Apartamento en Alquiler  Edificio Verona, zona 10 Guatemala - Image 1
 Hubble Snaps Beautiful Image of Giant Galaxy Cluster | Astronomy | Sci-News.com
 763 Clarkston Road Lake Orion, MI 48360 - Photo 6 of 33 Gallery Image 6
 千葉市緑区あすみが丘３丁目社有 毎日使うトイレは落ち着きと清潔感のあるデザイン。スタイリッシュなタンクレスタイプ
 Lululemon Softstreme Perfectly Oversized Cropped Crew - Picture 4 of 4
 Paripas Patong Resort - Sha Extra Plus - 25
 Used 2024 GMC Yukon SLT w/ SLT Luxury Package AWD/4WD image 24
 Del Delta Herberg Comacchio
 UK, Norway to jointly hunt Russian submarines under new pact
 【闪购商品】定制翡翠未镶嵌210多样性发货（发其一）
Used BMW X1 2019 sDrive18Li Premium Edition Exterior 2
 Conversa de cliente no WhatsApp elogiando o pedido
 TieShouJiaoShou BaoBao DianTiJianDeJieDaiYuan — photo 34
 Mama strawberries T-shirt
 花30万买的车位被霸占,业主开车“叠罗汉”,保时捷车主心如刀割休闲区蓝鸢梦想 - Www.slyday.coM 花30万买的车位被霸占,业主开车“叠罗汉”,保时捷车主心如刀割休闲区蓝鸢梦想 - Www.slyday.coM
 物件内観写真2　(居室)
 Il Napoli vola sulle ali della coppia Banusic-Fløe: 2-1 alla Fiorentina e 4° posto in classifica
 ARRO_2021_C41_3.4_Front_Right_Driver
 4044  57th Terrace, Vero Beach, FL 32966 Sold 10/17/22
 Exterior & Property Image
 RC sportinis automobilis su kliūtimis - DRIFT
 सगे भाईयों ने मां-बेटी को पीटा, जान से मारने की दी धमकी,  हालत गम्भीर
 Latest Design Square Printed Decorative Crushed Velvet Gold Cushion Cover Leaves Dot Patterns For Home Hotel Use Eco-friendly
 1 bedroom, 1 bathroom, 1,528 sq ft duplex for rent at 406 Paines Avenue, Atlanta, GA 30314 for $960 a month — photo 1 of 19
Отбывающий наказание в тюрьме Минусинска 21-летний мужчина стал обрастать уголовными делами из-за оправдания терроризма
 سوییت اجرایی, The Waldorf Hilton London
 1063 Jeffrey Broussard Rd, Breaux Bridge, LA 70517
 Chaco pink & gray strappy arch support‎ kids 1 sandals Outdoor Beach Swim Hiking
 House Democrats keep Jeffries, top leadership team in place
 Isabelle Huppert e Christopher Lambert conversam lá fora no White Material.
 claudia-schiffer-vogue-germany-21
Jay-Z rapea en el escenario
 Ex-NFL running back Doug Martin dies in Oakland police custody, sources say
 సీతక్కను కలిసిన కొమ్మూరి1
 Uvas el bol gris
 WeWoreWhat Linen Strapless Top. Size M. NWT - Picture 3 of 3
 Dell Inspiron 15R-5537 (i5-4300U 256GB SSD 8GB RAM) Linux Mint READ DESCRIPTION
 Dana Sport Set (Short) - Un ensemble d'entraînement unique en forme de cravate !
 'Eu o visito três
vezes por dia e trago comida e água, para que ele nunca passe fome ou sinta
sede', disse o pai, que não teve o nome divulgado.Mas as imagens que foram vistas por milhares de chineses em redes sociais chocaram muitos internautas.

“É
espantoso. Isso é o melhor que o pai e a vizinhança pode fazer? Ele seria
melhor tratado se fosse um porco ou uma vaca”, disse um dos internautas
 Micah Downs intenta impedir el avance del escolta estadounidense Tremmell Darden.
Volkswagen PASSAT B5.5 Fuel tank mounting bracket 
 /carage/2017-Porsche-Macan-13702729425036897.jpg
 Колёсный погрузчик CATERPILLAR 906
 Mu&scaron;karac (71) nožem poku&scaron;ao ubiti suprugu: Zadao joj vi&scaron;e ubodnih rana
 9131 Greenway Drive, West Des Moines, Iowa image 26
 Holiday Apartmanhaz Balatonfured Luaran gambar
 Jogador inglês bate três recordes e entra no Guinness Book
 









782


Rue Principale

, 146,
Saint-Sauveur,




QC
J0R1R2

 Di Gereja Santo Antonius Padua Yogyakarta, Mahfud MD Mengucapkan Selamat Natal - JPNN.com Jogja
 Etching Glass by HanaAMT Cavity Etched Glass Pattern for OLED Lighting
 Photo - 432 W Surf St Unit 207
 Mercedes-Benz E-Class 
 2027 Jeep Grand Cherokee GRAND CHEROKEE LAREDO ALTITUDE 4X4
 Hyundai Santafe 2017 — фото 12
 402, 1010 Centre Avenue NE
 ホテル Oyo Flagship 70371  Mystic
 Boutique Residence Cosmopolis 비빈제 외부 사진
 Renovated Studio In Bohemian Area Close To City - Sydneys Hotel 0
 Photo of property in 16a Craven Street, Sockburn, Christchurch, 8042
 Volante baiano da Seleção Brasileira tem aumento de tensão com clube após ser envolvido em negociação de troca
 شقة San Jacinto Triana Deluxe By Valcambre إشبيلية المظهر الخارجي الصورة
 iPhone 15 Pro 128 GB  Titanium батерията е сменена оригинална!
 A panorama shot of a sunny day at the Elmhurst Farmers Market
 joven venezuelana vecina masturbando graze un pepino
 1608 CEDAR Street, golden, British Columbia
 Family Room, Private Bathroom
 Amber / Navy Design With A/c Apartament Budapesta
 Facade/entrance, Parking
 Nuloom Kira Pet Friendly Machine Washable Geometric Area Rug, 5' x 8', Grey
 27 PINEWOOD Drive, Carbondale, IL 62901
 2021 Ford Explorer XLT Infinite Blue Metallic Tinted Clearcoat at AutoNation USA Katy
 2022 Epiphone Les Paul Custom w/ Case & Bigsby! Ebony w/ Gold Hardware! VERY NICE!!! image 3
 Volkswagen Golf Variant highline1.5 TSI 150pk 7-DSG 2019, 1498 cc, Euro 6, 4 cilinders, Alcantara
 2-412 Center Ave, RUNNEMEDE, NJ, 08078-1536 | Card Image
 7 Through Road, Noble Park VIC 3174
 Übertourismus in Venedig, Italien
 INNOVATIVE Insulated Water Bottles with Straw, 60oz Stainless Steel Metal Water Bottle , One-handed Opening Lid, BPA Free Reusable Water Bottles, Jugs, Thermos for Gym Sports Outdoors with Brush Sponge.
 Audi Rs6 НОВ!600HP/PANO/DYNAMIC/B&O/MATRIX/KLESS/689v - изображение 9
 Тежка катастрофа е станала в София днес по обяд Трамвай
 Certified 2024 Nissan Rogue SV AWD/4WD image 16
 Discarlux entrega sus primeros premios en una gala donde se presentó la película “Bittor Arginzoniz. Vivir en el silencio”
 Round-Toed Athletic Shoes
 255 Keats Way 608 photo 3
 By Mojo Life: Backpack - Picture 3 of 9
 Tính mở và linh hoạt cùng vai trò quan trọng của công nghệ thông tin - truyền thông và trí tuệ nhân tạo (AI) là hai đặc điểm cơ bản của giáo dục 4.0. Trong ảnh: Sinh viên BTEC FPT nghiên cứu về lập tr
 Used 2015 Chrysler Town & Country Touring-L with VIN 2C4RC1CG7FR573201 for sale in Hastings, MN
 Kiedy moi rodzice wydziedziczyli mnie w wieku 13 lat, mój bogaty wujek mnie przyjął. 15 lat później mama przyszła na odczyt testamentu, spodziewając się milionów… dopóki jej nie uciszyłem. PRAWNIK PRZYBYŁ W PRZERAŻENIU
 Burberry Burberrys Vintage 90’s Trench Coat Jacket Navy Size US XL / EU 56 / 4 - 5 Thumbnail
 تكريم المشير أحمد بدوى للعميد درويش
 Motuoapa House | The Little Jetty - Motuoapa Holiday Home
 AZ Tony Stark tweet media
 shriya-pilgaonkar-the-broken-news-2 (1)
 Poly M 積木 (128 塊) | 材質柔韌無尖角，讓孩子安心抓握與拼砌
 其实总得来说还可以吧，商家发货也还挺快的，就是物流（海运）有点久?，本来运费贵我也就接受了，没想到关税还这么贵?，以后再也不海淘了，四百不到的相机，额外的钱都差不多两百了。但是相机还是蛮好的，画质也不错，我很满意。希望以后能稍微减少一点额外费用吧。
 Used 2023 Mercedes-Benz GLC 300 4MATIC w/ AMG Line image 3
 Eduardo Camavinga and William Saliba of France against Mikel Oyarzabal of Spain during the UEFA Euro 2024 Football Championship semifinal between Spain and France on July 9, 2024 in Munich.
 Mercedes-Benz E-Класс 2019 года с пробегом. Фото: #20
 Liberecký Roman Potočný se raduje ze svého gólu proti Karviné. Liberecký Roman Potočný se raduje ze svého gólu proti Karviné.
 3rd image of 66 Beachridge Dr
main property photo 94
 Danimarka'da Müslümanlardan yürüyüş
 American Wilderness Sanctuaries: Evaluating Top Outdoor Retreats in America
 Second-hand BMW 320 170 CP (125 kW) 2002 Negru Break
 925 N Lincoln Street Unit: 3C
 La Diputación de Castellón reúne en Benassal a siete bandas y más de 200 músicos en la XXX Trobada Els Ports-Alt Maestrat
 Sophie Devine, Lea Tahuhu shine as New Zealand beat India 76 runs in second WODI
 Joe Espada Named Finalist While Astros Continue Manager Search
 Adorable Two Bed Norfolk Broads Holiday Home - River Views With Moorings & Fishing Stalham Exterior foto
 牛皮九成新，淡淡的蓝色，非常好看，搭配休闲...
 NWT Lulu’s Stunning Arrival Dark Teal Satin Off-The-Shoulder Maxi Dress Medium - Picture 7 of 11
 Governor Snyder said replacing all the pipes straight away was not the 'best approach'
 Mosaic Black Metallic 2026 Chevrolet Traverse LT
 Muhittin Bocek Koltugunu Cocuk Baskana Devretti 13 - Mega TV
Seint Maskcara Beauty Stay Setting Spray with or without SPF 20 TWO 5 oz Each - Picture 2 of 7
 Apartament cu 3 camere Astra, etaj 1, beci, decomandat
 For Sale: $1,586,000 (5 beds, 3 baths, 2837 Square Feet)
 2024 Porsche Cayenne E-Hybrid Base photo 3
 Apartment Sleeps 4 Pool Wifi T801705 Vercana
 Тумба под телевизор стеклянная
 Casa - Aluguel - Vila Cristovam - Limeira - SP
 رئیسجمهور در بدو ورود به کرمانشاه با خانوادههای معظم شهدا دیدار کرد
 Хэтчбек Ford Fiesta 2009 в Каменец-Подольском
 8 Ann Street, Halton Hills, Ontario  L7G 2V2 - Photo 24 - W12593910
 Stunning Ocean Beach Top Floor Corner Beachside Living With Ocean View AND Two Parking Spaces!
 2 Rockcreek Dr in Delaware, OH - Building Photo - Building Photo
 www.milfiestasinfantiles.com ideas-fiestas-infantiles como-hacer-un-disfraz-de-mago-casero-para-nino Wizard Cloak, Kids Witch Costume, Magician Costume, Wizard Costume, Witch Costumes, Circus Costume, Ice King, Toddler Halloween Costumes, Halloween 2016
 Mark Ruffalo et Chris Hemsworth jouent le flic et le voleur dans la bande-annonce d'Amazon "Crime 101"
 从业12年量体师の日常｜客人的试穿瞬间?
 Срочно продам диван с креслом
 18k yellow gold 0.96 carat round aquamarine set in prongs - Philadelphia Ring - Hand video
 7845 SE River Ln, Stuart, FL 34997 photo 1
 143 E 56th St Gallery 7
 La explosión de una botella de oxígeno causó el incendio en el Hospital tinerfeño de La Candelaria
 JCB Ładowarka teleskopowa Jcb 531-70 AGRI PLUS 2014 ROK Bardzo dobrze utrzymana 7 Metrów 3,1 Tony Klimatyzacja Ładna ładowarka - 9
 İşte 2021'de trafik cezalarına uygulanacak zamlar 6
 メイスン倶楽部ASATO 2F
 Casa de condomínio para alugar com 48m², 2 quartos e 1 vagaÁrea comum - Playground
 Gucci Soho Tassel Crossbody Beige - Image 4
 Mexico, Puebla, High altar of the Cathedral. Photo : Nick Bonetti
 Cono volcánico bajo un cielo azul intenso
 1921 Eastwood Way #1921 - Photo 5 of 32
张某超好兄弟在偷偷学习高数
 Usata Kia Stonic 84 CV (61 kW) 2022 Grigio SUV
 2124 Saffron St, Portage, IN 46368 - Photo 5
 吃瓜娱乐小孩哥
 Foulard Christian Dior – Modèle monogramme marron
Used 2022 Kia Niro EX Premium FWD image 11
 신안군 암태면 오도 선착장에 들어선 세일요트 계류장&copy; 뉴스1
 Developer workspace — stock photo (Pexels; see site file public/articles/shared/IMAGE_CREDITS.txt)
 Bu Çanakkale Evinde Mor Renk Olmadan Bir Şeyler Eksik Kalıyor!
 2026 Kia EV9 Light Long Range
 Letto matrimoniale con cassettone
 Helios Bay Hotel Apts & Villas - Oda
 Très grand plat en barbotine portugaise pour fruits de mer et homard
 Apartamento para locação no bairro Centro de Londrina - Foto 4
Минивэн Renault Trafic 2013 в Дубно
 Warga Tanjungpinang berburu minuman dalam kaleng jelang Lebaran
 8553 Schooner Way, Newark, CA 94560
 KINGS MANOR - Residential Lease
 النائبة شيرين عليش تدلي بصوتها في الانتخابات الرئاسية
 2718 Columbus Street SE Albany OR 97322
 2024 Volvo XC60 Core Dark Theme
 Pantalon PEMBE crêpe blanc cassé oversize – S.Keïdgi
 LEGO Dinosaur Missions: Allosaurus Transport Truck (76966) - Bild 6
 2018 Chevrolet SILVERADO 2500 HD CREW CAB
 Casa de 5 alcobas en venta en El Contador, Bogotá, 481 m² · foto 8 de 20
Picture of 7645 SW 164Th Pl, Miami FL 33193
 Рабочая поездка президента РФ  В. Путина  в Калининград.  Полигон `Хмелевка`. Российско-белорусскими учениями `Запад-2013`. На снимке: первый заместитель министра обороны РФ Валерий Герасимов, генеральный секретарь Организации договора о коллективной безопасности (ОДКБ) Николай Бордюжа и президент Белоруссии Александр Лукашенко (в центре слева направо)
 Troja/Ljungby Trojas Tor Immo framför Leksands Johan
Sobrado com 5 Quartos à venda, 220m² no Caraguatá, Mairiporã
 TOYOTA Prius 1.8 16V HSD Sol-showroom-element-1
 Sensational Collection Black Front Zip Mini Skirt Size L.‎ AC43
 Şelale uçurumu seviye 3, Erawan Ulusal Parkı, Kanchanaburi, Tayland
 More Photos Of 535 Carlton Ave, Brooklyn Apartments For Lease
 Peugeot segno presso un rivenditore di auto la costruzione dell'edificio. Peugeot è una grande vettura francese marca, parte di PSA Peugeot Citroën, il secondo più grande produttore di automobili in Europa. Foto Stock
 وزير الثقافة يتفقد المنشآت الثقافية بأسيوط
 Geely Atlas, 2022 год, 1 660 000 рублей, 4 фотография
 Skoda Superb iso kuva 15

--

**Problem statement**
Could you set down, word for word, only the lines above from the line with "Jay-Z rapea en el escenario" to the line with "espantoso. Isso é", including both?

**Your solution**
Jay-Z rapea en el escenario
 Ex-NFL running back Doug Martin dies in Oakland police custody, sources say
 సీతక్కను కలిసిన కొమ్మూరి1
 Uvas el bol gris
 WeWoreWhat Linen Strapless Top. Size M. NWT - Picture 3 of 3
 Dell Inspiron 15R-5537 (i5-4300U 256GB SSD 8GB RAM) Linux Mint READ DESCRIPTION
 Dana Sport Set (Short) - Un ensemble d'entraînement unique en forme de cravate !
 'Eu o visito três
vezes por dia e trago comida e água, para que ele nunca passe fome ou sinta
sede', disse o pai, que não teve o nome divulgado.Mas as imagens que foram vistas por milhares de chineses em redes sociais chocaram muitos internautas.

“É
espantoso. Isso é o melhor que o pai e a vizinhança pode fazer? Ele seria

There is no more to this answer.